Estando en Dios y siendo una cosa con Él las perfecciones todas, evidente es que en Dios no puede haber accidente alguno. El ser, la potencia, la acción y demás cosas semejantes, son perfecciones que necesariamente deben ser idénticas a su esencia; luego ninguna de ellas es accidental en Él. Además, es imposible que sea infinito en perfección aquello cuya perfección puede recibir algún incremento: es así que un ser que tiene alguna perfección accidental es susceptible de recibir el incremento de alguna otra perfección, porque todo accidente es una adición a la esencia; luego no se encuentra perfección infinita en la esencia de ese ser. Antes hemos demostrado que Dios, según su esencia, es infinitamente perfecto; luego no puede haber en Él ninguna perfección que sea accidental, sino que todo lo que es en Él, pertenece esencialmente a su substancia. Esta misma conclusión se deduce naturalmente de su suprema simplicidad, de su naturaleza de acto puro y de ser como es el primero de los seres. Todo sujeto está afectado de algún modo de composición, y además de esto, lo que es sujeto no puede ser acto puro, supuesto que un accidente es una forma cualquiera o un acto del sujeto. Lo que existe por sí, es también anterior a lo que no existe más que por accidente; de estos principios se deduce, como consecuencia legítima, que en Dios no hay nada que pueda decirse que es accidental.
CAPÍTULO XXIV La multitud de denominaciones aplicadas a Dios no repugnan a su simplicidad.

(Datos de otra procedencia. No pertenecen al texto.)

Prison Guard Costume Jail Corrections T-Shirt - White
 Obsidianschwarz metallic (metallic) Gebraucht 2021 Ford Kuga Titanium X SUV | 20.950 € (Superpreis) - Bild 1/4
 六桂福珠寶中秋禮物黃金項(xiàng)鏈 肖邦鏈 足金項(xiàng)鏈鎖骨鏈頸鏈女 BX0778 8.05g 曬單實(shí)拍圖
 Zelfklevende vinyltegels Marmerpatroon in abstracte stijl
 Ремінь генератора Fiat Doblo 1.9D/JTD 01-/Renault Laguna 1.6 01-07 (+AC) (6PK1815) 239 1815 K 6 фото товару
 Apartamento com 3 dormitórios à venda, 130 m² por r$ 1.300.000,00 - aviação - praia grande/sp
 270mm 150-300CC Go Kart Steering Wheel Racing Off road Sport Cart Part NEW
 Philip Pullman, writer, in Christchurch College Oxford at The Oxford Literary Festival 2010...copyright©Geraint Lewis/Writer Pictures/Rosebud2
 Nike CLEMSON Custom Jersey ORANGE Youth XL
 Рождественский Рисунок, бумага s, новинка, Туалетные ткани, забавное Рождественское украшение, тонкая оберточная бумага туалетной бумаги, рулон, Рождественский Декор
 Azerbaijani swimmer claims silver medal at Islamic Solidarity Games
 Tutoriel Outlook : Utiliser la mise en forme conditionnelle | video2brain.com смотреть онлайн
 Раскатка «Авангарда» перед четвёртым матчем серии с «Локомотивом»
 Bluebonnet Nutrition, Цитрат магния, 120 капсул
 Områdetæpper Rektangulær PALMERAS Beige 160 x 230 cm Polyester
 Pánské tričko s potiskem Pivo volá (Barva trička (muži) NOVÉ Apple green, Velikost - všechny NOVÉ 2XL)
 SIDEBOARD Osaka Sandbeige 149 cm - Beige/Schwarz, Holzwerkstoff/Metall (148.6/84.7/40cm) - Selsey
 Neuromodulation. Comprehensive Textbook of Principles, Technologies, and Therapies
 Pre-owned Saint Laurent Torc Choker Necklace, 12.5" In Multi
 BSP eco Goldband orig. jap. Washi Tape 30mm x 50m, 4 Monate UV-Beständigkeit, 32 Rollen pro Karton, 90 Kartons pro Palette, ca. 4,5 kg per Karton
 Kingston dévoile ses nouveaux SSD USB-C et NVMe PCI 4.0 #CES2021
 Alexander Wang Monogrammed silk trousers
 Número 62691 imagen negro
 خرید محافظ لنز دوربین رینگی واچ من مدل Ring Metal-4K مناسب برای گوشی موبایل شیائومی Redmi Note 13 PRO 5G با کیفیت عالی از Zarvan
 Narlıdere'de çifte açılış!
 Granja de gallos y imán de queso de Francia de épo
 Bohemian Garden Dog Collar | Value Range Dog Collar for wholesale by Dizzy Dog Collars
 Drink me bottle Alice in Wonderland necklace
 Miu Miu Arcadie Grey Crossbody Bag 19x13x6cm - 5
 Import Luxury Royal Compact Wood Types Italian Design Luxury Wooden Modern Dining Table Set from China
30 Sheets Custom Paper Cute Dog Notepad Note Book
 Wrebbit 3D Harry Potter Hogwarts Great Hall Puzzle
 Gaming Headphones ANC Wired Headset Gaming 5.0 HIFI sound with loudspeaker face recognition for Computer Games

Ocupémonos de la razón, de esa multitud de denominaciones que se aplican a Dios, aun cuando sea en sí mismo completa y absolutamente simple. Como nuestra inteligencia no puede abarcar la esencia de Dios, se eleva a su conocimiento por medio de las cosas que están a nuestro alcance, y en las que encontramos ciertas perfecciones, cuya raíz y origen común está en Dios: y como no podemos denominar una cosa sino en razón de la inteligencia o conocimiento que de ella tenemos, porque los nombres son los signos de la inteligencia, se sigue que no podemos aplicar a Dios denominación alguna sino por medio de las perfecciones que percibimos en los demás seres, y cuyo origen está en Dios; y como las perfecciones son múltiples en los seres, indispensable es aplicar a Dios muchas denominaciones. Por el contrario; si nosotros pudiéramos ver la esencia de Dios en sí mismo, no tendríamos necesidad de valernos de esta multitud de denominaciones, porque el conocimiento que tendríamos de Dios sería simple, y tan simple como lo es su esencia. Este conocimiento, objeto de nuestras esperanzas, nos está reservado para el día de nuestra glorificación, según las palabras de Zacarías: "En aquel día el Señor único no tendrá más que un solo nombre".